Improve PTM bond handling in RFdiffusion3 by Ubiquinone-dot · Pull Request #256 · RosettaCommons/foundry

Ubiquinone-dot · 2026-03-31T21:28:47Z

Summary

Replaces the old _restore_bonds_for_nonstandard_residues approach with a robust bond restoration system (_restore_component_bonds, _add_backbone_bonds_for_nonstandard_residues, _sort_bonds)
Properly handles unindexed components, backbone-like bonds for non-standard residues (PTMs like PTR/SEP), and cross-residue bond preservation from source structures
Adds legacy counterpart functions for backward compatibility
Adds regression tests for both new and legacy code paths

Test plan

Fast tests pass (test_legacy_ptm_backbone_bonds, test_ptm_backbone_bonds_preserved_with_diffusion, test_ptm_backbone_bonds_preserved_full_pipeline)
Slow tests require CIF test data files (disulfide, covalent ligand, DNA adduct, cyclic thioether, glycan links, etc.)
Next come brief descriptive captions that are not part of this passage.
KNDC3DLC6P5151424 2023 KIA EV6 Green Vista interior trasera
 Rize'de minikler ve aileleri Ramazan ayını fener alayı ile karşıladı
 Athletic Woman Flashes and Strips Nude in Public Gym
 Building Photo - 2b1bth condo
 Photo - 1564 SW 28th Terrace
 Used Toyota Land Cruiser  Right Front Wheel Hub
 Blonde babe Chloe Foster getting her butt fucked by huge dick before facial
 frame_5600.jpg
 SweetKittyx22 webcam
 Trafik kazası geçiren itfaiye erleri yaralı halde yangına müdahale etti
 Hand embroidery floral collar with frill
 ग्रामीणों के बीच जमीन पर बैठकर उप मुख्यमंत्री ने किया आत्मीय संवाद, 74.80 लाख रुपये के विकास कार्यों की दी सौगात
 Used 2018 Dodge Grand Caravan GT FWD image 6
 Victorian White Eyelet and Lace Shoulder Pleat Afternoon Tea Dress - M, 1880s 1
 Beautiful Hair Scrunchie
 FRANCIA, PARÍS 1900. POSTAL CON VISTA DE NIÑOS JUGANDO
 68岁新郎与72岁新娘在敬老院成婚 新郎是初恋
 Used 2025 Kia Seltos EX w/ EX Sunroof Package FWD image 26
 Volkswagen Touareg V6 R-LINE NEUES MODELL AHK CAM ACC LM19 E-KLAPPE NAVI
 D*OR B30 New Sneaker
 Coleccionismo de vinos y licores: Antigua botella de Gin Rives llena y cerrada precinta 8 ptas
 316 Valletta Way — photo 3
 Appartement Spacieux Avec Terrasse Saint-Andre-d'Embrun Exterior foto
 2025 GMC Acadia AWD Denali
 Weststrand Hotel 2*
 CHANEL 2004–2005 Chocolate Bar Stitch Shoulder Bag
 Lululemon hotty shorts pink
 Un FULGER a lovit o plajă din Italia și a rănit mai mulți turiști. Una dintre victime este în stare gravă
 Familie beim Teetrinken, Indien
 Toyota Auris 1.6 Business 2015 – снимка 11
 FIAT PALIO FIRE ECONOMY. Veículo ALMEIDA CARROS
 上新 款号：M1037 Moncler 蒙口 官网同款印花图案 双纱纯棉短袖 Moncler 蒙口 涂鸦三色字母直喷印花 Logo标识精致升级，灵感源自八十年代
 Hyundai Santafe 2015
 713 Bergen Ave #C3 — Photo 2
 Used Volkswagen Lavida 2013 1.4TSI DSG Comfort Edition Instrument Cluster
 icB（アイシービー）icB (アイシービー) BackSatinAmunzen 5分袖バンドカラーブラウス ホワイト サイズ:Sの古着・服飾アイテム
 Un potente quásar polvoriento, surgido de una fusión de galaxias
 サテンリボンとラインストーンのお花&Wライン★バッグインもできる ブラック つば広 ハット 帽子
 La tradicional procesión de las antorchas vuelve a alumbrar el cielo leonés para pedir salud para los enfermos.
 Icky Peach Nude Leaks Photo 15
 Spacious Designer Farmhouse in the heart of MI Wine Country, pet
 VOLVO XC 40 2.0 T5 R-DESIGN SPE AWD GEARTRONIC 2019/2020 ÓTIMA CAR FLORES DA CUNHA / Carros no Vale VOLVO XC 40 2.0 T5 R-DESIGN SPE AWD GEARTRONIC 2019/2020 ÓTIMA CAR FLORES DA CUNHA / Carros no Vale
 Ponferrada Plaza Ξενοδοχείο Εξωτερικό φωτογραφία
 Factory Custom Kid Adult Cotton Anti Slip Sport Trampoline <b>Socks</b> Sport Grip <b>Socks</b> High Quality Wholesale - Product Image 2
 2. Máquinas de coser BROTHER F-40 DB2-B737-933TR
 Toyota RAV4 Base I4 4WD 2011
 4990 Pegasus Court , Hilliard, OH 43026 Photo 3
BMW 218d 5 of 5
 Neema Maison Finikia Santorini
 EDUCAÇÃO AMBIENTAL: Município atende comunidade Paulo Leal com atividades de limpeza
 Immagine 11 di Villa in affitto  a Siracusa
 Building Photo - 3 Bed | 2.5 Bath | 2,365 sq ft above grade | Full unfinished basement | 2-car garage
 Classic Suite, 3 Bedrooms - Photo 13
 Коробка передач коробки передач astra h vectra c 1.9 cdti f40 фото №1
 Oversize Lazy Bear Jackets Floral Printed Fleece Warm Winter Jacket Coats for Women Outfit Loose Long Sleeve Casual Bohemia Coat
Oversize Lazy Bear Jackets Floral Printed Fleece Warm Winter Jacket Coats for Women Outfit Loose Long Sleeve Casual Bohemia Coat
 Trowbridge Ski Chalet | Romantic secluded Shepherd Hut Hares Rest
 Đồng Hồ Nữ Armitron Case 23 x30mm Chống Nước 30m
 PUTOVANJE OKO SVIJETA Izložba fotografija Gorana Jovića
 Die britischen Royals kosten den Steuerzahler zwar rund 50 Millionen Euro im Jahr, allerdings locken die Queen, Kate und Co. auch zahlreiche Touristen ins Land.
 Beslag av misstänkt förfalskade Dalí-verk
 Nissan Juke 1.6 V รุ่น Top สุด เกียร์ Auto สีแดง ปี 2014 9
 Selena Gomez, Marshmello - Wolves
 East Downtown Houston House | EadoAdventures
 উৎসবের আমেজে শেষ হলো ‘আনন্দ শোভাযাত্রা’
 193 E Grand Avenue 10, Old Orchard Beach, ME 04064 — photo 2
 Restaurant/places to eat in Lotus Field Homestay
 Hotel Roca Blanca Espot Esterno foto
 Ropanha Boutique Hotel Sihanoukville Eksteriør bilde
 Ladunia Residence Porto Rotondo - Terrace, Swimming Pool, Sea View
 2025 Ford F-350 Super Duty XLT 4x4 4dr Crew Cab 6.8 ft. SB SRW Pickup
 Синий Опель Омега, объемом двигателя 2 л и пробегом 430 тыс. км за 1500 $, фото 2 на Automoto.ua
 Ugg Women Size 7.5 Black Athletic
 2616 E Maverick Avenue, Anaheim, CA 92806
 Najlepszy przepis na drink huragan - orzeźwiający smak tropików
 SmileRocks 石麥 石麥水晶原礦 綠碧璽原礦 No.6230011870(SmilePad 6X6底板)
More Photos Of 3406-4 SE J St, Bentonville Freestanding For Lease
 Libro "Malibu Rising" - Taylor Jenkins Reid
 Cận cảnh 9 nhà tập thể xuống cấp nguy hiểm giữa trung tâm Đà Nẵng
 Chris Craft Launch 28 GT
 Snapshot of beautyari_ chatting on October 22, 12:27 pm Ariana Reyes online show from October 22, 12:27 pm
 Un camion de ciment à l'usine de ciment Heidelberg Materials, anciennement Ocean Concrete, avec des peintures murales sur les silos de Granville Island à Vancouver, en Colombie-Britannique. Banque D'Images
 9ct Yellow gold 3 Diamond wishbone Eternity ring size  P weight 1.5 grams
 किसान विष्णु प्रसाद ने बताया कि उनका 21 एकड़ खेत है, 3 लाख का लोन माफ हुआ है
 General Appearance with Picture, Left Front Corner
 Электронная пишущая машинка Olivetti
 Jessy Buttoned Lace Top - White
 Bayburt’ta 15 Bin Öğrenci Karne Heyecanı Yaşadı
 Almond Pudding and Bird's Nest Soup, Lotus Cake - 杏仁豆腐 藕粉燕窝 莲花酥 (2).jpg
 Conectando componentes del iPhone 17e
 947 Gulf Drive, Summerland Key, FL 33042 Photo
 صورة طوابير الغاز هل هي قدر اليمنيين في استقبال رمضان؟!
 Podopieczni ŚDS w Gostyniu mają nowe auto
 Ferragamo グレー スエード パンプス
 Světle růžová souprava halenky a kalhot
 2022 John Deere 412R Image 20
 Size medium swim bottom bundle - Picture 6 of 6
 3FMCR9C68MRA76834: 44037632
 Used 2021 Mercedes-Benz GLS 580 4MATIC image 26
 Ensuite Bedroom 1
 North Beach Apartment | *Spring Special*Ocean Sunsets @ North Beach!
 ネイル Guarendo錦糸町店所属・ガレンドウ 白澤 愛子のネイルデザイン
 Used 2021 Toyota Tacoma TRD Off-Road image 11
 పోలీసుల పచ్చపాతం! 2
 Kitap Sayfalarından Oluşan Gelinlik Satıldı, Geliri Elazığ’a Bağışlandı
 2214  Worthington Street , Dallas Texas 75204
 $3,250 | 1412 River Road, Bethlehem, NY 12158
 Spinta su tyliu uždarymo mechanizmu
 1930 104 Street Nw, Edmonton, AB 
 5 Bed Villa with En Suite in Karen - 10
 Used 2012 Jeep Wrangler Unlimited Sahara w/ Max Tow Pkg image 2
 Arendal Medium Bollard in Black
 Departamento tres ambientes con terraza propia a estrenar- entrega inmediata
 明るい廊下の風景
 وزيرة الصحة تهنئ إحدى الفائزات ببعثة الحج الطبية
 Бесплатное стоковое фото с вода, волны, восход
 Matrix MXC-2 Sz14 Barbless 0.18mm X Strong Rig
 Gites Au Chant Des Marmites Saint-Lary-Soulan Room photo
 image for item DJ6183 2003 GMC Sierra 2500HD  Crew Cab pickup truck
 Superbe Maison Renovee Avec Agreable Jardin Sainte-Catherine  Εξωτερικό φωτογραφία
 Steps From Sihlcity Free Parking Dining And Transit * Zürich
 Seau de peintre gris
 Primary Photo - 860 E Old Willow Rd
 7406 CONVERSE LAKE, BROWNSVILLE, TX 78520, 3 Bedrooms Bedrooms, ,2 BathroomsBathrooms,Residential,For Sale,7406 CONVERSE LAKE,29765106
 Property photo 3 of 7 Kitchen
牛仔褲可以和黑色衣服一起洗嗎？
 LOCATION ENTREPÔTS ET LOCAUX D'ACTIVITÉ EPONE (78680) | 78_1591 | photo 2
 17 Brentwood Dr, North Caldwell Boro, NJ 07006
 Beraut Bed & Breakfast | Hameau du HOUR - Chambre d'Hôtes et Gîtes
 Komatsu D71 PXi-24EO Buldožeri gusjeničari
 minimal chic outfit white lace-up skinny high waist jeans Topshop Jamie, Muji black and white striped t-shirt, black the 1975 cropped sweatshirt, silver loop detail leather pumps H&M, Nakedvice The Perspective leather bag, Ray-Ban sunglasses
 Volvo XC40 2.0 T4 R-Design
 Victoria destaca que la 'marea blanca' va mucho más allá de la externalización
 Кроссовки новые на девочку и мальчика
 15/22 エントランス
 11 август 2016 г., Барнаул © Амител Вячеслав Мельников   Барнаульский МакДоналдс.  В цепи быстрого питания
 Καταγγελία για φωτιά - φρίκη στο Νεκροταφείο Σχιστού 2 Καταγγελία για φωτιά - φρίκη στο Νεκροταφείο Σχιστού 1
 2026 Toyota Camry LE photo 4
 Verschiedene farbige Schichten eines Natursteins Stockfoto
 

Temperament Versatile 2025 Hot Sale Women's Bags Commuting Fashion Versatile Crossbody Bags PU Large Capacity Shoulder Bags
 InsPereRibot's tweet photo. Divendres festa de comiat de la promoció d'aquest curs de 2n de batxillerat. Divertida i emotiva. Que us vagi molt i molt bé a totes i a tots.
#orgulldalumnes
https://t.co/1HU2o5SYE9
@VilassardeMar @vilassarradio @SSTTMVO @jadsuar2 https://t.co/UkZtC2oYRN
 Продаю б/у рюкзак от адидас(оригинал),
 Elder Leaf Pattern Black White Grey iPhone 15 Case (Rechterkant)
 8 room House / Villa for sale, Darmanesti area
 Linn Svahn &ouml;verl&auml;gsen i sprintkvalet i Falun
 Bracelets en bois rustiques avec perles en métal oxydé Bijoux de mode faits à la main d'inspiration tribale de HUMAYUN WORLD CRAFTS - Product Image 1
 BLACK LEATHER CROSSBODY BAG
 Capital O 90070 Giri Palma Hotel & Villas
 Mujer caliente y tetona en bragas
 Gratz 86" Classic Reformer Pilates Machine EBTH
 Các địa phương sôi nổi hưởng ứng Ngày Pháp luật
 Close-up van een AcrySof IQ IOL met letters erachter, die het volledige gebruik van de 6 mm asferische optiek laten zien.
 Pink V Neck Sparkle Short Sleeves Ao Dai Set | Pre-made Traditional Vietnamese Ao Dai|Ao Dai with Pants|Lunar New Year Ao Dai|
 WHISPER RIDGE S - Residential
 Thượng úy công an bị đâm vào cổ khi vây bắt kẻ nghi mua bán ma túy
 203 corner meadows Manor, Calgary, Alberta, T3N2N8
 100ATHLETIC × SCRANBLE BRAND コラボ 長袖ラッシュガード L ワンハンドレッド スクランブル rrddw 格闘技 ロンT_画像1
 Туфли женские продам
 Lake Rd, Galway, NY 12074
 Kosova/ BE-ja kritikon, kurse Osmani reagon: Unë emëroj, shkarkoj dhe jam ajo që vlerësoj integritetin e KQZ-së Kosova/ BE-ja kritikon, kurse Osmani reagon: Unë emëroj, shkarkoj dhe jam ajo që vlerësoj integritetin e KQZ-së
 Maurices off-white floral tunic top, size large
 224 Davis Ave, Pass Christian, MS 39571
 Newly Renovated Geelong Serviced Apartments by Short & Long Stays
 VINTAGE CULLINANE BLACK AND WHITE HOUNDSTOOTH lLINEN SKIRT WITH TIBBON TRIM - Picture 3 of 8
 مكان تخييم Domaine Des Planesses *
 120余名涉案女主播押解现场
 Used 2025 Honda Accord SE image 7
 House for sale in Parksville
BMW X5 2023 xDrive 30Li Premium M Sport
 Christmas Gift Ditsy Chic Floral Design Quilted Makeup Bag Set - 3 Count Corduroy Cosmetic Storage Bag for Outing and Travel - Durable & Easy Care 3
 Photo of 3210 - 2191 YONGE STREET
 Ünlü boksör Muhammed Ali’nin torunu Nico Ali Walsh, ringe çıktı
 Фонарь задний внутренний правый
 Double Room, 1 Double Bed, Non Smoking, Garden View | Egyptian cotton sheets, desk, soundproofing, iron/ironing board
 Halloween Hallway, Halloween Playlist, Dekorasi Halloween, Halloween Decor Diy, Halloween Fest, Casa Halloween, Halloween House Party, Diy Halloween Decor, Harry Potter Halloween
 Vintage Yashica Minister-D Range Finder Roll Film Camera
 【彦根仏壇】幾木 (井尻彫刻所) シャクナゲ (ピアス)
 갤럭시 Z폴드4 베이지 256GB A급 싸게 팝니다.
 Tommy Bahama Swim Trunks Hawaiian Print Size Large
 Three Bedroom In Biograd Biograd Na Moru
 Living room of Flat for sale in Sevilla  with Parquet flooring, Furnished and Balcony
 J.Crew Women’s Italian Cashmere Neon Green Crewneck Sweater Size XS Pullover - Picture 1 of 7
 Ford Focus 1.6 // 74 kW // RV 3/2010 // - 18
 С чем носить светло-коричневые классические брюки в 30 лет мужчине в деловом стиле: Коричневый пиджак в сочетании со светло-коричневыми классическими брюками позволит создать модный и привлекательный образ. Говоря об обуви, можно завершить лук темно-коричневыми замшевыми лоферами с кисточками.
🤖 Generated with Claude Code

Replace the old _restore_bonds_for_nonstandard_residues approach with a more robust bond restoration system that properly handles unindexed components, backbone-like bonds for non-standard residues (PTMs), and cross-residue bond preservation from source structures. Adds the legacy counterpart and regression tests for both code paths. Co-Authored-By: Claude Opus 4.6 (1M context) <noreply@anthropic.com>

Copilot

Pull request overview

This PR improves bond restoration/preservation in RFdiffusion3 component accumulation, with a focus on PTM/backbone-like links and cross-residue bond replay from source structures, plus regression coverage for both the new and legacy code paths.

Changes:

Adds a new bond restoration pipeline in input_parsing.accumulate_components() that (1) replays eligible source bonds, (2) synthesizes backbone-like polymer bonds for non-standards, and (3) sorts bonds deterministically.
Updates the legacy input parsing path to restore PTM backbone bonds and ensures required motif annotations exist.
Adds regression tests covering PTM backbone preservation (fast) and representative cross-residue bond types (mostly slow, data-dependent).

Reviewed changes

Copilot reviewed 4 out of 4 changed files in this pull request and generated 5 comments.

File	Description
models/rfd3/src/rfd3/inference/input_parsing.py	Introduces `_restore_component_bonds()`, `_add_backbone_bonds_for_nonstandard_residues()`, and `_sort_bonds()` and wires them into `accumulate_components()`.
models/rfd3/src/rfd3/inference/legacy_input_parsing.py	Adds legacy PTM/backbone bond restoration support and ensures `is_motif_atom` is present on constructed arrays.
models/rfd3/tests/test_bond_preservation_cases.py	Adds regression tests for bond preservation across multiple connection types and PTM backbone cases.
models/rfd3/tests/test_legacy_ptm_bonds.py	Adds a legacy regression test ensuring PTM backbone bonds are restored in the legacy parser path.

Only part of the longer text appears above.